当時は、禅宗の影響もあり、茶道が武将のたしなみとして重視されており、茶器などは高価な値段で取り引きされていたのです。信長の師匠兼相談役になった千利休の茶器に対する目利きは当代一と言われ、彼が一級品と言えば、その茶器はとんでもない高値で取り引きされました。昔、NHKの大河ドラマ「黄金の日日」で、堺商人だった納屋助左衛門が、フィリピンの浜に転がっていた蛸壺を高級茶器と称してとんでもない高値で売ったシーンがありました。今では考えられないことですが、茶器一つで城が買えたと言われたのです。

そしてその中心には千利休がいました。

松永弾正は茶器一つで信長に命乞い

戦国時代末期に、下克上で成り上がった典型的な大名として松永弾正久秀という人物がいました。元々、足利将軍に近い大名の三好氏に仕えていましたが、彼を追い落として自分が足利将軍家の後継争いにも影響を与える存在にもなっていたのです。謀略が好きで、信長が京都に入りますと、三好氏を見限って、すぐに取り入ってしまうほどでした。将軍足利義輝の襲撃にも関わっていたと疑われています。この松永弾正は、茶人としても有名でした。

信長に対しても、将軍足利義昭の側について、幾度となく追い落としを図ろうとした結果、信長の怒りに触れ、最後には大和の信貴山城で持っていた茶器と共に爆死してしまいます。その際、松永弾正は、天下の名茶器と言われた「平蜘蛛茶釜」を献上して命乞いをしますが、許されず、結局、茶器と共に爆死しているのです。

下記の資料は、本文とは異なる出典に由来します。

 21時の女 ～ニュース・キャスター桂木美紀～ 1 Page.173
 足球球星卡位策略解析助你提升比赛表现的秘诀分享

このように、信長や秀吉の、天正年間を中心とする安土桃山時代には、茶道具は非常に高価なものでした

信長に仕えていた時代の利休と木下藤吉郎の関係

信長が上京して、足利義昭を将軍に据えた当時、後の豊臣秀吉となる木下藤吉郎は京都奉行となります。おそらく、秀吉と利休の出会いはこの時だったのでしょう。まだ、秀吉は、織田家の中でも序列から言えばかなり下の家臣でしたから、信長の師匠であり、相談役でもあった利休のほうがかなり地位的には高かったと言えます。従って、いろいろと教えを請うていたようです。

明智光秀の謀反で羽柴秀吉と千利休の関係が逆転

image by PIXTA / 40712311

この豊臣秀吉と千利休の関係が大きく逆転したのは、やはり明智光秀の本能寺の変が起こったことによります

本能寺の変において信長が亡くなる

本能寺の変が起こった時には羽柴秀吉(後の豊臣秀吉)は、中国地方(今の岡山県)で毛利方の 備中高松城を水攻めにしている最中でした。光秀の毛利家に対する密使を偶然に捕らえた秀吉は、信長の死を知らない毛利勢の安国寺恵瓊と講和の交渉をします。城主清水宗治の切腹で手打ちをして、すぐに京都に向けて中国大返しを行い、京都の西に当たる山崎の合戦で明智光秀の軍を破るのです。これによって、秀吉は、清洲会議において実質的な信長の後継者となり、ライバルの柴田勝家を賤ヶ岳の戦いで破り、北之庄城(福井市)に追い詰めて絶命させます。そして、いよいよ信長の跡をついで、天下人への道をひた走るようになるのです。